Extracted data ::
┄┄┄┄┄┄┄┄┄┄┄┄┄┄┄┄┄┄┄┄
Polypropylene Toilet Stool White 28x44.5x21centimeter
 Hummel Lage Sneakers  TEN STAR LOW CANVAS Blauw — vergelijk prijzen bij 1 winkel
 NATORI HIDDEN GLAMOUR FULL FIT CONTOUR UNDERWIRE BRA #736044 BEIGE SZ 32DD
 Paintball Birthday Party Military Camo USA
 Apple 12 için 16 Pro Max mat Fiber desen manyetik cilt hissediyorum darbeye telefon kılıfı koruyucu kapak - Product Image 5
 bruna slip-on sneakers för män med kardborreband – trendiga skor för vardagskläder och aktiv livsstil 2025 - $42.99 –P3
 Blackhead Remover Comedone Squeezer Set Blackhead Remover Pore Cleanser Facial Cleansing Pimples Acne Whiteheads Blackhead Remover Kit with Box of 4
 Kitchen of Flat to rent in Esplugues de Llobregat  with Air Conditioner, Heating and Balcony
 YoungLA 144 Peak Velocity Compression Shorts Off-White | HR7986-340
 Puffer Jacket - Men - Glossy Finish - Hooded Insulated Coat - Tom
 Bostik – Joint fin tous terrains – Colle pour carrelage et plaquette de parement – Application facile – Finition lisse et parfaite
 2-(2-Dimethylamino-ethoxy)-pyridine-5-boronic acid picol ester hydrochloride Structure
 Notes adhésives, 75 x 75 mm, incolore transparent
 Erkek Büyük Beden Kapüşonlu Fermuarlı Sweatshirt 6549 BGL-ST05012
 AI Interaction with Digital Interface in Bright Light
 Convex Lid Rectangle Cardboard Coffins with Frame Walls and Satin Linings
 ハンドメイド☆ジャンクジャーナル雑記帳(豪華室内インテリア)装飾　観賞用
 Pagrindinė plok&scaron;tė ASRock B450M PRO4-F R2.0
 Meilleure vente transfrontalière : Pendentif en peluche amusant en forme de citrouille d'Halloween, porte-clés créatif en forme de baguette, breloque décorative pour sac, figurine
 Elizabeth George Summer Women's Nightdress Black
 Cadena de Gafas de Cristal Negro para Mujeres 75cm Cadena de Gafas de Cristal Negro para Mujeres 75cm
┄┄┄┄┄┄┄┄┄┄┄┄┄┄┄┄┄┄┄┄
What this task involves :: Word for word, repeat the lines that begin at the one with "Notes adhésives, 75" and continue to the end of the listing above.

Task solution ::
 Notes adhésives, 75 x 75 mm, incolore transparent
 Erkek Büyük Beden Kapüşonlu Fermuarlı Sweatshirt 6549 BGL-ST05012
 AI Interaction with Digital Interface in Bright Light
 Convex Lid Rectangle Cardboard Coffins with Frame Walls and Satin Linings
 ハンドメイド☆ジャンクジャーナル雑記帳(豪華室内インテリア)装飾　観賞用
 Pagrindinė plok&scaron;tė ASRock B450M PRO4-F R2.0
 Meilleure vente transfrontalière : Pendentif en peluche amusant en forme de citrouille d'Halloween, porte-clés créatif en forme de baguette, breloque décorative pour sac, figurine
 Elizabeth George Summer Women's Nightdress Black
 Cadena de Gafas de Cristal Negro para Mujeres 75cm Cadena de Gafas de Cristal Negro para Mujeres 75cm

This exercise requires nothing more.